RAL Tier1 weekly operations castor 28/02/2011

From GridPP Wiki
Jump to: navigation, search

Operations News

  • Remaining ATLAS SRMs repartitioned
  • Finished testing for NS 2.1.10-0 upgrade

Operations Issues

  • Silent corruption detected on two files on two disk servers (gdss326,512)

Blocking Issues

  • Lack of production-class hardware running ORACLE 10g needs to be resolved prior to CASTOR for Facilities going into full production. Been ordered. Servers arriving this week, RAID device mid-March.

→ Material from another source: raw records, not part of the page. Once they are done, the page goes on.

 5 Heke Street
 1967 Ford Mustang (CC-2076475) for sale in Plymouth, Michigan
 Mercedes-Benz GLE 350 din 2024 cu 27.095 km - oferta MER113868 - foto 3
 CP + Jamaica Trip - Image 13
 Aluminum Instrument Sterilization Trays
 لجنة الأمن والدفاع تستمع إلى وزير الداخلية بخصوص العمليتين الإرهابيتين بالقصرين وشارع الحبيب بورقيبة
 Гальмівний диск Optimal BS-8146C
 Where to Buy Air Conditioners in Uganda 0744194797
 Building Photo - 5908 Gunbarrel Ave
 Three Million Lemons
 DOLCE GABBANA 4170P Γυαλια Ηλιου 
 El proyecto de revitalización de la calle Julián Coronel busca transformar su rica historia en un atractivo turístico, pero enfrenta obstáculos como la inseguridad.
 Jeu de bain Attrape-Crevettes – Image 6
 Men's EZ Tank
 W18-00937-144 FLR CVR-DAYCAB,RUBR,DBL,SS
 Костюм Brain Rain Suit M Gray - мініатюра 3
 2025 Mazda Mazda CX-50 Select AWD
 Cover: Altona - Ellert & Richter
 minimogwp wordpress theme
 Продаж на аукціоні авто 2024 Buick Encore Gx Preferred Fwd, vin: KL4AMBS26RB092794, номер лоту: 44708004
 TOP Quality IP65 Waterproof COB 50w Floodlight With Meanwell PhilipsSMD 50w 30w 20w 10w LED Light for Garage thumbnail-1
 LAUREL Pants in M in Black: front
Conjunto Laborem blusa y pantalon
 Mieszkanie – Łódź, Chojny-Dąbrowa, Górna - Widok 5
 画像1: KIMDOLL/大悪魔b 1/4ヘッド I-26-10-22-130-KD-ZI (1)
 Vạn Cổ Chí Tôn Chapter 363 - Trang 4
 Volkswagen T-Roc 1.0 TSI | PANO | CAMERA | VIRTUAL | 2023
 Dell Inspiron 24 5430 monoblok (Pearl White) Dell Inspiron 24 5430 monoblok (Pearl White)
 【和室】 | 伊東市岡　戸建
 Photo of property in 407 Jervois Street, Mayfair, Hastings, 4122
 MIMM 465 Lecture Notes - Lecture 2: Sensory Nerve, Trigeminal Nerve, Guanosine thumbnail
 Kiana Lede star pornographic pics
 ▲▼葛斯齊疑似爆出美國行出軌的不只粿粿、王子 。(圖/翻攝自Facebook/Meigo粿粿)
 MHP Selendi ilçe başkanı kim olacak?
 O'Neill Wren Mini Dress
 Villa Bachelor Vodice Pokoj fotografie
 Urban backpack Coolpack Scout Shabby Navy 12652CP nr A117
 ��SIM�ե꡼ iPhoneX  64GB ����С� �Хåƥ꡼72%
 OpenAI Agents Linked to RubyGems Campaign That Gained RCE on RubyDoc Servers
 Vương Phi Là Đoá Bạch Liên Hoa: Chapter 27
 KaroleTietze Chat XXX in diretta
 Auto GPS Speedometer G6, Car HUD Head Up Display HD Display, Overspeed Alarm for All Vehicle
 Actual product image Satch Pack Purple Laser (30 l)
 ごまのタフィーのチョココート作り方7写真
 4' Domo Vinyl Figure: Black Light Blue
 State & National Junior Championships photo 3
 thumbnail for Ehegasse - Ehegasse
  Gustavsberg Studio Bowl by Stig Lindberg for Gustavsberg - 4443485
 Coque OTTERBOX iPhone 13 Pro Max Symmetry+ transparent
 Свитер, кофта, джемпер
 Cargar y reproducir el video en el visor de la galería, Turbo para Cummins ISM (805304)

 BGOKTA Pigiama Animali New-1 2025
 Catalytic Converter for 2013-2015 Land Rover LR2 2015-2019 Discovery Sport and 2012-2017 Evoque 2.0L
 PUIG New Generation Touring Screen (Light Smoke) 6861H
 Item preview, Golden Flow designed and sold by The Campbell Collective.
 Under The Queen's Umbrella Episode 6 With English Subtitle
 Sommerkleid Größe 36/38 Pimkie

Planned, Scheduled and Cancelled Interventions

Entries in/planned to go to GOCDB

Description Start End Type Affected VO(s)
Upgrade NS to 2.1.10 and switch EMC to isolating transformer (STC) 9 March 08:00 9 March 14:00 Downtime ALL

Advanced Planning

  • CASTOR certification and upgrade to 2.1.10 and upgrade of SRM to 2.10 which incorporates:
    • fix for gridftp-internal to support multiple service classes, enabling checksums for Gen
    • fix to report files on draining disk servers accessed by FTS to be NEARLINE not UNAVAILABLE
  • Move Tier1 instances to new Database infrastructure which with a Dataguard backup instance in R26
  • Move Facilities instance to new Database hardware running 10g
  • Start migrating from T10KA to T10KC media later this year

Staffing

  • Castor on Call person: Matthew
  • Staff absence/out of the office:
    • none